Why These Levels Matter
Fibonacci retracement levels (0.382, 0.5, 0.618, 0.764, etc.) are derived from mathematical ratios found throughout nature and markets. These levels act as magnet points where price often reverses or consolidates, reflecting areas of institutional order clustering and algorithmic support/resistance.
Risk Management Principles
Position Sizing:
- Risk only 1-2% of total account on any single trade
- Adjust position size based on distance to stop loss
- Smaller positions for extended scenarios (Tier 2)
Invalidation Levels:
- Primary invalidation: Close above 4,193.77 (cancels running flat count)
- Secondary invalidation: Close below 3,950 (may extend further)
- Always respect your predetermined invalidation; don’t “hope” price reverses
Trade Management:
- Partial profit-taking at primary targets (reduces risk)
- Trailing stops on extended positions (captures larger moves)
- Don’t let winners turn into losers (protect your capital first)
What to Watch For
Confirmation Signals:
- Bearish engulfing candles near 4,135-4,160 resistance
- Volume confirmation on the move toward 4,076.47
- Price holding above micro-support levels during the decline
- RSI divergence suggesting reversal potential
Warning Signs:
- Price closing above 4,193.77 invalidates the count
- Extended sideways consolidation instead of directional move
- Multiple failed attempts to break lower support
- Fundamental news events that shift market sentiment
Educational Takeaways
This setup demonstrates several key trading principles:
- Multi-Scenario Flexibility: Professional traders don’t have just one plan—they map multiple scenarios and adjust accordingly
- Confluence Zones: The strongest trading opportunities occur where multiple concepts align (Elliott Wave + Fibonacci + Liquidity)
- Risk/Reward Clarity: Before entering any trade, identify exact entry, target, and stop levels for precise risk management
- Institutional Order Flow: Understanding where smart money places orders (liquidity zones) reveals high-probability reversal points
- Patience and Discipline: The best trades often require waiting for specific confirmations rather than forcing entry prematurely
Current Market Status
As of November 6, 2025, gold is consolidating within the corrective structure with price action contained between 4,135-4,160. The path of least resistance appears downward, with the primary target of 4,076.47 acting as the next significant reference point.

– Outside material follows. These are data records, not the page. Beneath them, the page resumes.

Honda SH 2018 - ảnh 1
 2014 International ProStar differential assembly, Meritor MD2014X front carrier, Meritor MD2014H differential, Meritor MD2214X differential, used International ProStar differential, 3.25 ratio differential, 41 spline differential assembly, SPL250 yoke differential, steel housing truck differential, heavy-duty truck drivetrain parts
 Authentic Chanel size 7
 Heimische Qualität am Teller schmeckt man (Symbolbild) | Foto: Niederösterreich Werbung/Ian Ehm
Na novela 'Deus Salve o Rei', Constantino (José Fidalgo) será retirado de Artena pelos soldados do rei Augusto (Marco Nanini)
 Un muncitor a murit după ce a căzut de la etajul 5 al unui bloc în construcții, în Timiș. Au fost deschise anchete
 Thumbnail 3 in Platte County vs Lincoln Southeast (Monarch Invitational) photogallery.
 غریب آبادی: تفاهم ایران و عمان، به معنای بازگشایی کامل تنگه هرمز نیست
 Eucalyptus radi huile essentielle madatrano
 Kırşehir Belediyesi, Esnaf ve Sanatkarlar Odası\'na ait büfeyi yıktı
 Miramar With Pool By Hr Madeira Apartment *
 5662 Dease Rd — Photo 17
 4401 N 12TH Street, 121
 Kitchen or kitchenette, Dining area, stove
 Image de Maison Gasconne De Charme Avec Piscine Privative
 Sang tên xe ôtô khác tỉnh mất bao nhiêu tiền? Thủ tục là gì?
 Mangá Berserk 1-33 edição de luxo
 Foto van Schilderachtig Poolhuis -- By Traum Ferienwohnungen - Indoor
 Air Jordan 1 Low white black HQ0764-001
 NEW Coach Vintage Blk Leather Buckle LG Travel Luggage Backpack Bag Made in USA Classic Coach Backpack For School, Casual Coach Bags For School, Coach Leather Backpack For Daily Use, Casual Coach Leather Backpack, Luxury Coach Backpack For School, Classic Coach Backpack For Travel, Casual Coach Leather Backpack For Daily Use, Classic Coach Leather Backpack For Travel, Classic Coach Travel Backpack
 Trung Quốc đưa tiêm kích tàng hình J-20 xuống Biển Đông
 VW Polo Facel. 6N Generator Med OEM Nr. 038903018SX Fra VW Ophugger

Traders should monitor the behavior at resistance levels and watch for signs of wave (C) completion. The risk/reward ratio of 11.8:1 on the primary short setup makes this an attractive opportunity for disciplined traders following strict position management rules.
Disclaimer
This analysis is provided for educational and informational purposes only and should not be construed as financial advice or a recommendation to buy or sell any security. Past performance does not guarantee future results. Trading and investing involve substantial risk of loss. Always conduct your own research and consult with a financial advisor before making trading decisions. The strategies discussed carry significant risk and are not suitable for all traders.